More specifically, "In 1993, Jesus Morales was arrested and found guilty under the ordinance for loitering in a Chicago neighborhood after he ignored police orders to disperse. Ultimately, after Morales challenged his arrest, the Illinois Supreme Court held that the ordinance violated due process of law in that it is impermissibly vague on its face and an arbitrary restriction on personal liberties." The United States Supreme Court affirmed the Supreme Court of Illinois' judgment.

==Issue and holding==
The only issue on certiorari was whether the ordinance was unconstitutionally vague, either on its face or as applied, in violation of "the Due Process Clause of the Fourteenth Amendment to the U.S. Constitution."

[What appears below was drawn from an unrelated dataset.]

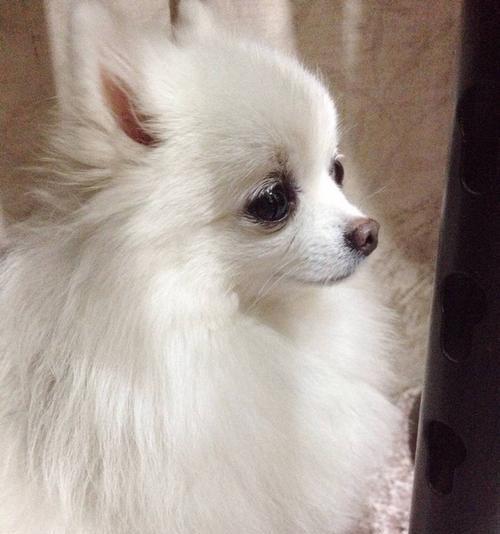 博美挑嘴吃什么牌子狗粮？博美犬挑嘴时的狗粮选择有哪些？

The United States Supreme Court held in this case that a law cannot be so vague that a person of ordinary intelligence cannot figure out what is innocent activity and what is illegal.

==Rationale==
Justice John Paul Stevens, writing for the plurality, said that the:

ordinance's definition of loitering as "to remain in any one place with no apparent purpose" does not give people adequate notice of what is prohibited and what is permitted, even if a person does not violate the law until he refuses to disperse. "'[A] law fails to meet the requirements of the Due Process Clause if it is so vague and standardless that it leaves the public uncertain as to the conduct it prohibits,'" noted Justice Stevens, "[i]f the loitering is in fact harmless and innocent, the dispersal order itself is an unjustified impairment of liberty."
— Summary by Oyez.com.

Stevens, writing for the majority, further investigated the Due Process issues of the ordinance.

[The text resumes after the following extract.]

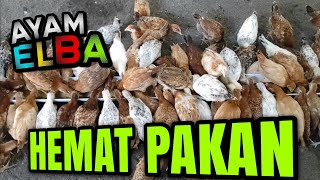 Ayam ELBA | Hati-Hati Saat Merubah Komposisi Pakan.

Firstly, the Court discussed the ordinance's failure to satisfy the fair notice requirement. Loitering under the ordinance's language was an act that could be used arbitrarily to identify community members by the police. Community members would not have proper notice as the "notice" they received would have been retroactively given when the police arrested the individual. The language of the dispersal order needed to be more specific as it needed to have set the required guidelines people followed when dispersing. The Court questioned, "How long must the loiterers remain apart?" Overall, the Court found that ordinance to be so vague that it stops the public from being able to follow it. Secondly, the Court deemed the ordinance to violate the "requirement that a legislature establish minimal guidelines to govern law enforcement." This ordinance gave power, without bounds, to the police to determine who violated the ordinance. Overall, the majority concluded that the ordinance needs more definiteness and clarity. Six justices ultimately sided with Morales, and three with the City of Chicago.

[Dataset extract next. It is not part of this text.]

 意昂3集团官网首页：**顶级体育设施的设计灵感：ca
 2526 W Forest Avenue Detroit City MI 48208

However, only three justices agreed on all of the rationales and the complete holding, namely Stevens, Souter, and Ginsburg. O'Connor, Kennedy, and Breyer had concurring opinions. One particular "sticking point" was whether "It is a criminal law that contains no mens rea requirement ... and infringes on constitutionally protected rights...." Only Stevens, joined by Justice Souter and Justice Ginsburg, could agree on that.

==Impact==
The ACLU claimed a win in this case.